|
El giro de marras
En los albores de este arte, surgió el cine negro, y con él cintas como "Perdición", "La senda tenebrosa" o "Encrucijada de odios" y la gente quedaba anonadada ante ellas.
Poco después, llego Hitchcock y sus dramas que se retorcían, como "Marnie, la ladrona" o "Rebecca", entre otros, y el público flipaba.

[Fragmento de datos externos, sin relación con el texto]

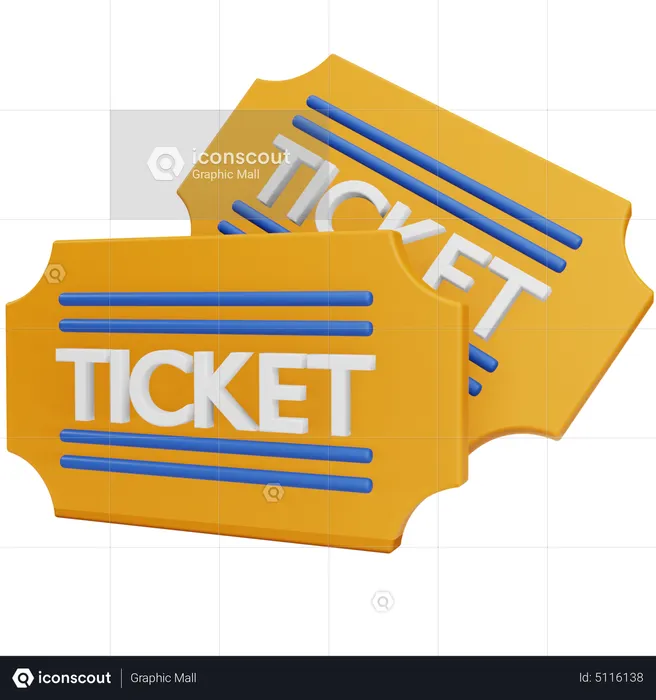 Travel Ticket  3D Icon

Unos años atrás, este factor se impondría a películas como los giallos italianos o incluso a cineastas patrios, que con trabajos como "La residencia", "Rojo oscuro" o "El pájaro de las plumas de cristal" lograrían sorprender a más de uno
Mucho más tarde, llegada la década de los noventa, el thriller padeció el mismo efecto, y con películas como "Sospechosos habituales" o "Se7en", logró dejar a más de uno con dos palmos de nariz.
Sin embargo, y como todo degenera, en este caso sucedió lo mismo, y terminó llegando el infumable giro final, dejando a medias films como "Alta tensión", "Dead end" o muchos otros.
Y en "Dead silence", este factor no se aleja de ella, pues contiene otro de esos giros finales de marras que pueden hacerle pensar a más de uno que se halla ante una tomadura de pelo, en cambio, este es un giro habilidoso y del todo explicable, que concuerda a la perfección con lo narrado anteriormente y, aunque parezca farragoso, tiene su eje bien fijado.
En cambio, no diré que la segunda cinta de Wan se aleje de los tópicos, porque no sería cierto (ya se sabe, protagonista investigador, policía que le persigue, algún que otro giro inesperado, etc...), pero por lo menos sabe sobreponerse a ellos suficientemente como para, sin crear una atmósfera demasiado palpable, sí recurrir a todos los elementos en pantalla como para confabular un desasosiego bien logrado, ya sea gracias a la iluminación, a esa peculiar banda sonora o al uso de planos entrecortados que se van sucediendo, y la verdad, es que la cosa funciona bastante bien.
Así, el realizador de "Saw" opta aquí por darle un transcurso lineal a su historia, e irnos introduciendo en ella con leves pero efectivas pinceladas, algún momento de conseguida tensión, un interés que va creciendo paulatinamente por los hechos acontecidos y un personaje principal que, como mínimo, actúa en consecuencia y tampoco resulta excesivamente arriesgado como para que pueda ser tildado de estúpido.
Si hubiera que achacarle algo, ese algo quizá sería que decae llegados a cierto punto, aunque se recupere notablemente, que parece que la cosa no vaya a dar para más en algún momento o que le falta una atmósfera, como ya dije antes, mucho más eficiente, puesto que apenas la posee y, de bien seguro, le vendría excelentemente en más de una ocasión.
También contiene, en cambio, puntos a favor, como ese personaje del policía, totalmente paródico en algunos momentos, o una trama que, vista de cerca, podría aguantar más de un asalto, y esa es, sin lugar a dudas, una gran baza que hará disfrutar tanto a los más acérrimos como a los más escépticos.
(El resto de la crítica puede contar partes de la película)
Ver todo
spoiler: Y es que, ese habilidoso componente que supone que la víctima deba gritar, no hace que nos lleven por caminos fangosos ni la propuesta se alargue más de lo deseado, pues llega hasta ese hábil final donde, a pesar de lo aparatoso del giro, si no lo hubiese, todo quedaría en algo ilógico y desgraciadamente fallido. No es así, y se agradece.